Ein Beispiel dafür, wie solche Migrationsabkommen aussehen können, ist das im Februar 2017 geschlossene Abkommen zwischen der EU, Italien und einem Teil des libyschen Staats. In Folge dieses Abkommens statteten mehrere EU-Staaten mit vielen Millionen Euro die sogenannte „libysche Küstenwache“ mit Material aus. Die Bundeswehr ist im Rahmen der Militärmission EUNAVFOR MED IRINI an der Ausbildung dieser Institution beteiligt.
Seither spürt die „libysche Küstenwache“ Jahr für Jahr mehr Geflüchtete auf, die in Booten mit letzten Kräften versuchen, nach Europa zu gelangen, bringt ihre Boote zum Kentern und verschleppt die Insassen zurück in Internierungslager in Libyen, wo sie dann der Sklaverei, sexualisierter und anderer Formen von Gewalt und auch Entführungen ausgesetzt sind, um Geld von ihren Familien zu erpressen.
Profitieren werden am Ende nur die europäischen Kapitalist:innen und ihre Statthalter
Doch unabhängig davon, wie verachtenswert die Regime sind, mit denen mitunter die deutsche Bundesregierung ihre „Deals“ schließen will: Bei all diesen „Verhandlungen“ sind die Rollen äußerst ungleich verteilt.
Deutschland und die EU haben ihre Ziele klar formuliert: Sie wollen die qualifiziertesten Arbeitskräfte aus abhängigen Ländern in Afrika und Westasien abwerben, aber gleichzeitig erreichen, dass geringer qualifizierte Menschen oder solche, die überhaupt nicht als Arbeitskräfte in Frage kommen, in Armut und Abhängigkeit zurückbleiben.

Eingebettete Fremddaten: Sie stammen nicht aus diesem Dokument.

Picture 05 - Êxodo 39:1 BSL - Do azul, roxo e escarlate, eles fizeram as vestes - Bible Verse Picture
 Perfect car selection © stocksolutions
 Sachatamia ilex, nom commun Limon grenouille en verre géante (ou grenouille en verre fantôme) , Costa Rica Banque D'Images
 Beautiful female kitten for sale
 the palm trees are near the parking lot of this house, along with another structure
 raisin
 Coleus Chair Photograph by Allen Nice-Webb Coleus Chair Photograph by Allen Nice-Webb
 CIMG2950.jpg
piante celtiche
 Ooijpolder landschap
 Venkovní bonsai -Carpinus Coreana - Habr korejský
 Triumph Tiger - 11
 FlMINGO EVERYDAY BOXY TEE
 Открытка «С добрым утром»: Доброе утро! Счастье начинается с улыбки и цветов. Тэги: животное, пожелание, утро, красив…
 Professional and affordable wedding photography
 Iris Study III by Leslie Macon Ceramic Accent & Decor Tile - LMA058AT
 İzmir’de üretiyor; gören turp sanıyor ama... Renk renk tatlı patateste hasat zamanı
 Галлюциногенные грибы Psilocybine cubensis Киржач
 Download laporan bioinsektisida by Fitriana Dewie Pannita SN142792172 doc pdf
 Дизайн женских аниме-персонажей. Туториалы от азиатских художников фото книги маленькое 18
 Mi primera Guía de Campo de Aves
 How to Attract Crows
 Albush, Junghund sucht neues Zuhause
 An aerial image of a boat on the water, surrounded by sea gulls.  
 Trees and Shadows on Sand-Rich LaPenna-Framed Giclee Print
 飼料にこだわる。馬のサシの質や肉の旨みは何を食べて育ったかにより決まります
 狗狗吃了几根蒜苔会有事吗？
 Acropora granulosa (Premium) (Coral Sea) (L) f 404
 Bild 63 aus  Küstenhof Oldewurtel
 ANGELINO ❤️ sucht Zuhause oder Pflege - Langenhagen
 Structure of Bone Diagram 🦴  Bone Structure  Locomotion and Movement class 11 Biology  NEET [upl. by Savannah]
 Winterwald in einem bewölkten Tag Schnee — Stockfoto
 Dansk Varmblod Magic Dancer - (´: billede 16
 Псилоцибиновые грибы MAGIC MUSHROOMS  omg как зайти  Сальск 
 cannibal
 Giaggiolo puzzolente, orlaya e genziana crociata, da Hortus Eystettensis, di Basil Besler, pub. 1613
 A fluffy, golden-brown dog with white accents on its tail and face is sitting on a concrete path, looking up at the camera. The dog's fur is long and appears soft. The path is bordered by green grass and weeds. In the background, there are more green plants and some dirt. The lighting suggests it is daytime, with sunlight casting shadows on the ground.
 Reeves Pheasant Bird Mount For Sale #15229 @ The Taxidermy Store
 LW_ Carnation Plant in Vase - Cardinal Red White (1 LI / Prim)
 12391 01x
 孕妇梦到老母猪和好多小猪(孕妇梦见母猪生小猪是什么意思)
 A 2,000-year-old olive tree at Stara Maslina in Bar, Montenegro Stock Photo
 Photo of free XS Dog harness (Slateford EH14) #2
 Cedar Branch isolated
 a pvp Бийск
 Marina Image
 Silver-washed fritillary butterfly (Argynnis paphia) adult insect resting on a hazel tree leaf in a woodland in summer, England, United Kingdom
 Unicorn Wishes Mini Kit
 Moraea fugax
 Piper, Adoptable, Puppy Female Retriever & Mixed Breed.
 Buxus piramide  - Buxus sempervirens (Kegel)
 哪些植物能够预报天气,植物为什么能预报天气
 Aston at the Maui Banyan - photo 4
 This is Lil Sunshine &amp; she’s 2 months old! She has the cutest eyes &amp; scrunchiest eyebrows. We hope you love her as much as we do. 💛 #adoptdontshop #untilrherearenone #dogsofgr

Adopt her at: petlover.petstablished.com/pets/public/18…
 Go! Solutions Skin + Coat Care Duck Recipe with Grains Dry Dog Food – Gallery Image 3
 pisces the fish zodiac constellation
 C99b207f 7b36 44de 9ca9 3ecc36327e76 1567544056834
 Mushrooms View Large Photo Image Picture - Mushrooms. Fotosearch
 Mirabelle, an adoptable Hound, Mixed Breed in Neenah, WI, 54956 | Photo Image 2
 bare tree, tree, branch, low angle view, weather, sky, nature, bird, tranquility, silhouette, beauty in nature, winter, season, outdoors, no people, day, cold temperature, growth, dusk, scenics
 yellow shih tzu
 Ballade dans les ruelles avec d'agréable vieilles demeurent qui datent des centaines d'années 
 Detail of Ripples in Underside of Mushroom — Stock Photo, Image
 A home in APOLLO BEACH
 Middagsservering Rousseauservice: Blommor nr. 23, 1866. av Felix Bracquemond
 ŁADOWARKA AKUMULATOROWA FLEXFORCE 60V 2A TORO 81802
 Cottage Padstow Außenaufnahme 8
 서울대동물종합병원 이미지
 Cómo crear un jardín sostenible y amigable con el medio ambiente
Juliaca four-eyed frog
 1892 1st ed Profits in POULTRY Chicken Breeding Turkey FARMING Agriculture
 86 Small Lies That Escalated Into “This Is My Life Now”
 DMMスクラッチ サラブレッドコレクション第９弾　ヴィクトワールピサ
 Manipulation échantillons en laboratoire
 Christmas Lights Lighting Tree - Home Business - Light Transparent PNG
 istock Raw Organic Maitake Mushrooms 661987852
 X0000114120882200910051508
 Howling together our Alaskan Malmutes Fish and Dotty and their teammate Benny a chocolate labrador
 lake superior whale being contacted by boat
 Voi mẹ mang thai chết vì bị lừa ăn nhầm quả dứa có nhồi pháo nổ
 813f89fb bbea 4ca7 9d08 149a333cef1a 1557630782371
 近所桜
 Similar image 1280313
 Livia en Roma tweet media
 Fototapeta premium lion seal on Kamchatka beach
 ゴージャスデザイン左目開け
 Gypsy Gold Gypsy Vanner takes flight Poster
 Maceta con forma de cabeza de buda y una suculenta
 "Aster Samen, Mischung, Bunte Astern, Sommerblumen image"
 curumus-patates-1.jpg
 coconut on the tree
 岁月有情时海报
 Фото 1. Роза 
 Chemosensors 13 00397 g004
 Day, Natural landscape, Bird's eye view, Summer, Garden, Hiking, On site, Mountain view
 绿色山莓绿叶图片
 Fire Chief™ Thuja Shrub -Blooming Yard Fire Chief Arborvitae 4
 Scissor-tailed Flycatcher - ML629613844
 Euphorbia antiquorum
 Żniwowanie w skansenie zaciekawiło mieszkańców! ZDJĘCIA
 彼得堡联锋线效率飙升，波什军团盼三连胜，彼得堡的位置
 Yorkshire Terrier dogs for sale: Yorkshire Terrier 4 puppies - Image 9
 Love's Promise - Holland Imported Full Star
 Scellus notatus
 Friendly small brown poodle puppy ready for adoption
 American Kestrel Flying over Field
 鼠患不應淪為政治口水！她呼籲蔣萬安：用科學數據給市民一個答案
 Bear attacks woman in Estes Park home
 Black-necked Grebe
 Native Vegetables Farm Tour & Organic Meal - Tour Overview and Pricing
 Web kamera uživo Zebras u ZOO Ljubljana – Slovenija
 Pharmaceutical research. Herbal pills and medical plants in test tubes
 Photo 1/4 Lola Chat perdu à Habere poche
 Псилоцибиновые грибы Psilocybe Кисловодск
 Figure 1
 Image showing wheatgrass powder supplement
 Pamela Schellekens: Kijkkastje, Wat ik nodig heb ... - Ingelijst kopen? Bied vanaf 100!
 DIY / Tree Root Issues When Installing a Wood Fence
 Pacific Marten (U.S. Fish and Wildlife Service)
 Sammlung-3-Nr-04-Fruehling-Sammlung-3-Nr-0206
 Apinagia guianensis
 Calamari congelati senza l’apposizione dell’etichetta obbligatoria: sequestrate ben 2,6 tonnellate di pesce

Die sogenannte „Entwicklungshilfe“, die nun hinter den Kulissen bei vielen Gesprächen eine Rolle spielen dürfte, dient hierbei eher und quasi als Schmiergeld, das in oftmals korrupten Regierungsapparaten oder Herrschaftshäusern versickern dürfte. Der wirtschaftlichen Entwicklung der Länder, mit denen Joachim Stamp nun verhandeln soll, wird es jedenfalls nicht dienen, wenn man die hochqualifizierten Arbeitskräfte abwirbt. Ganz im Gegenteil: ihre Abhängigkeit wird mit solchen Maßnahmen nur noch zementiert.